2. Steely Dan were just noodly jazzbos who made music for fern-bar-loitering divorcees
I don’t really know why I took such an immediate disliking to Steely Dan in my younger years, but I suppose they just struck me as so pretentious and sophisticated in a manner most of my favorite bands weren't. They were yawnsomely adult. Their album covers seemed arty and opaque (although, in retrospect, the sleeve for The Royal Scam does seem kinda metal). Their songs were about complex scenarios and filled with nuance, finesse and accomplished filigree. To my mind, Steely Dan just didn’t rock, so I made a series of exceptionally lazy assumptions about them.
Of course, Steely Dan were so much more than the soppy yacht rockers I myopically demeaned them as. While certainly jazzy with musical chops for miles, they were also arch, wry, sardonic, bitter as the punkest of the punks and very funny. They also wrote some perfectly flawless tunes along the way.
I didn’t have an epiphany with Steely Dan. I think I just wised up one day, and still feel stupid for ever selling them so short.
3. Patti Smith is only worthy of contempt
I kind of already covered this sore topic on this blog here way back when, but to summarize…

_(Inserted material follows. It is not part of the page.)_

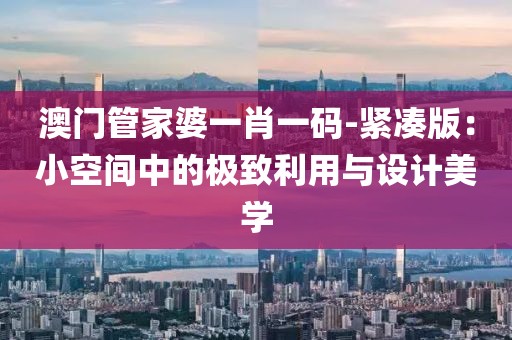澳门管家婆一肖一码-紧凑版：小空间中的极致利用与设计美学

As emphatically stated here and then earnestly recanted here, my relationship to the music, legend and lore of Patti Smith has always been a troubled one. In much the same way I conjured several dim preconceptions about Steely Dan, I leaped early on with similarly myopic aplomb to the impression that Patti Smith was nothing but a pretentious opportunist whose music owed more to the hoary melodrama of Meat Loaf than to the distilled, cut-the-crap vitality of Punk Rock. I could not fathom equating her mannered, laborious incantations with the incendiary songs of the Ramones or the Dead Boys. I didn’t hear it. I didn’t see it. I didn’t get it. So I judged and dismissed accordingly.

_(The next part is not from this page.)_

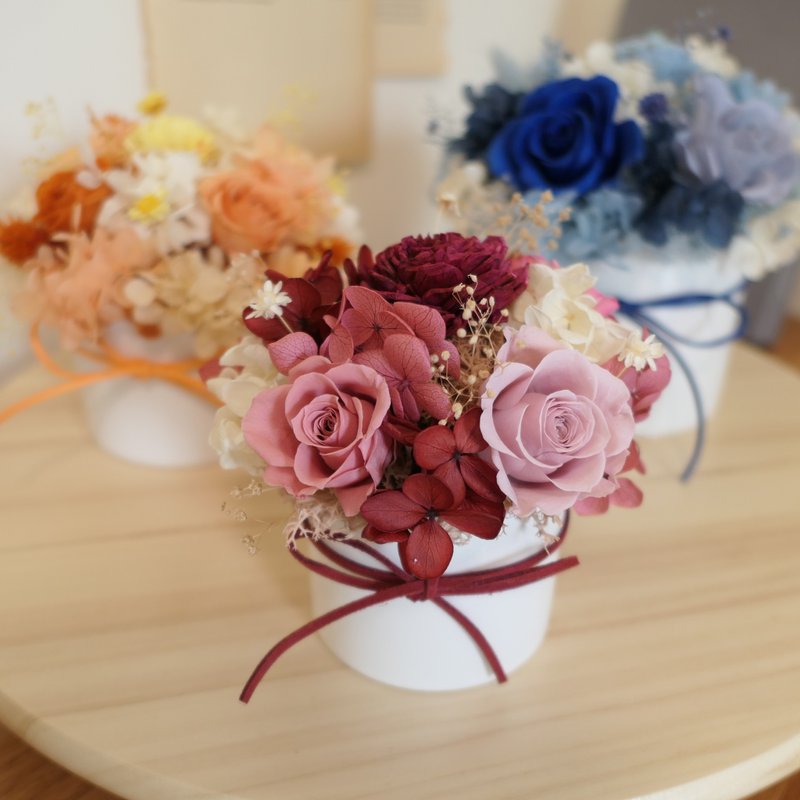 【經典圓形永生盆花】多色系/送禮/居家裝飾/開幕賀禮 - 乾燥花/永生花 - 植物．花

As mentioned in those posts, I took my indifference about her music to a more vitriolic level when I penned a probably-too-zealous chapter in a friend’s “humorous” book about toppling sacred cows. From that period on, I went from a passive non-fan to an active detractor. That was unfortunate for anyone within listening proximity of my big, stupid mouth.
For me, the wake-up call came via my reluctant reading of Smith’s justly celebrated 2010 memoir, “Just Kids,” which recounted her early years in New York alongside her muse and partner, Robert Mapplethorpe. While Smith’s prose didn’t necessarily change my appreciation for her music, it did completely decimate several presumptions I’d been harboring about her backstory and how she conducted herself. Suffice to say, she was not quite the shrill, avaricious starfucker I might have made her out to be. I continue to feel like a dopey heel about that.
That said, while I own a couple of Patti Smith albums, I still don’t really listen to them very often.
Okay, those are mine — WHAT ARE YOURS?